## The data:
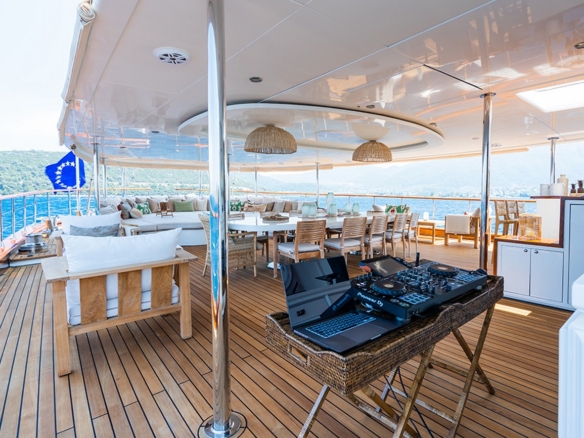 YAZZ – Ultra Lüks Gulet ve Motor Sailor Yat | Platin Yatçılık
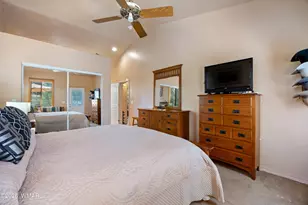 2253 Cross Country Rd, Overgaard, AZ 85933 - Photo 15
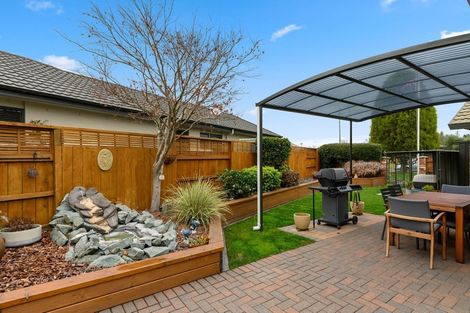 Photo of property in 4 Mccahon Drive, Pukehangi, Rotorua, 3015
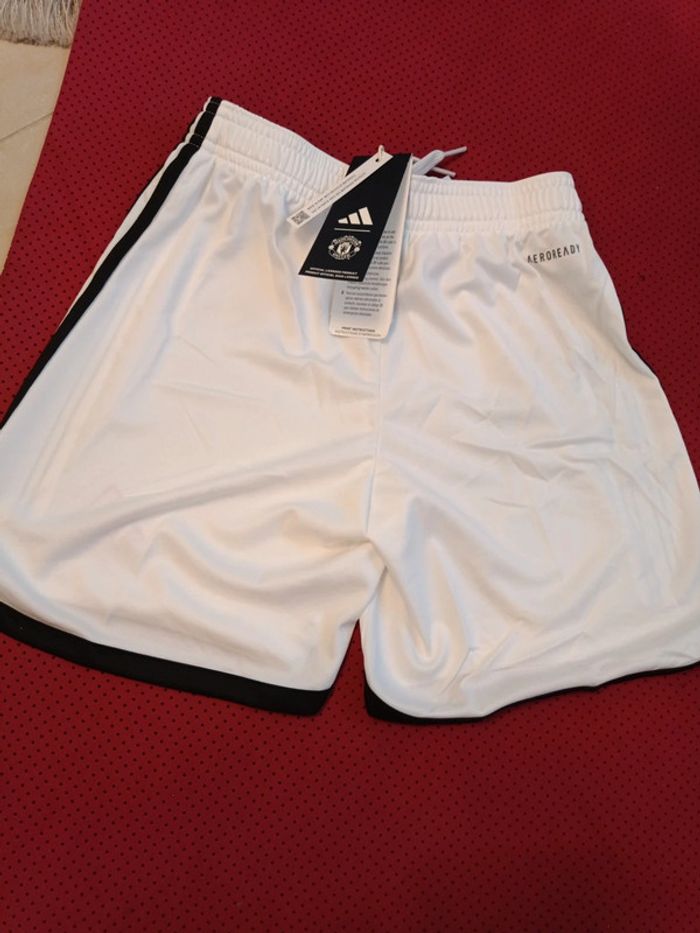 Short de foot Manchester United, Adidas Authentique Officiel taille enfant 9/10 ans, Neuf - photo numéro 10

## Directions for this task:
Leave the pictures out and transcribe the remaining material exactly.

## Answer area:
 YAZZ – Ultra Lüks Gulet ve Motor Sailor Yat | Platin Yatçılık
 2253 Cross Country Rd, Overgaard, AZ 85933 - Photo 15
 Photo of property in 4 Mccahon Drive, Pukehangi, Rotorua, 3015
 Short de foot Manchester United, Adidas Authentique Officiel taille enfant 9/10 ans, Neuf - photo numéro 10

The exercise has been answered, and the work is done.